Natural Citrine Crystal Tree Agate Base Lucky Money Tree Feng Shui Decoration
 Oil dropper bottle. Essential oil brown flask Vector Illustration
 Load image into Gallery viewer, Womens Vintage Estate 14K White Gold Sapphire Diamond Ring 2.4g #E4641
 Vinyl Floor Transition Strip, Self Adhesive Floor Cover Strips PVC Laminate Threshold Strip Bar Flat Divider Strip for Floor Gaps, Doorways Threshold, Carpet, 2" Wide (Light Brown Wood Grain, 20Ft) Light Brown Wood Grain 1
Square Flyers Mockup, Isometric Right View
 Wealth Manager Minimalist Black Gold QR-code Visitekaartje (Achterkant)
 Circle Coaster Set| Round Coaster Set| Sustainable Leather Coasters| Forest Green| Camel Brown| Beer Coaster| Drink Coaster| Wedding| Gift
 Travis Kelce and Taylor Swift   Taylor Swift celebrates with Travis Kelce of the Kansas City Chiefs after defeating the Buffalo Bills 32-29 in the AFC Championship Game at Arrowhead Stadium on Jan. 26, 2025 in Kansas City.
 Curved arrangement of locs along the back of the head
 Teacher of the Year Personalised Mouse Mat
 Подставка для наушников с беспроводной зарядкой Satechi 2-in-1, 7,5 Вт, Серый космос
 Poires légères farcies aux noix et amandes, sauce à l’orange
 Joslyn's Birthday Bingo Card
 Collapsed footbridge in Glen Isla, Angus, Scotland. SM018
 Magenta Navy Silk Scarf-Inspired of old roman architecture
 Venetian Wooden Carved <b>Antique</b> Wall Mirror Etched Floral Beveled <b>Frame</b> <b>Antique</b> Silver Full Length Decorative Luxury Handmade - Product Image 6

WORK REQUEST: Select every line in the records above that contains the word "Gold".

FINISHED EXERCISE:
 Load image into Gallery viewer, Womens Vintage Estate 14K White Gold Sapphire Diamond Ring 2.4g #E4641
 Wealth Manager Minimalist Black Gold QR-code Visitekaartje (Achterkant)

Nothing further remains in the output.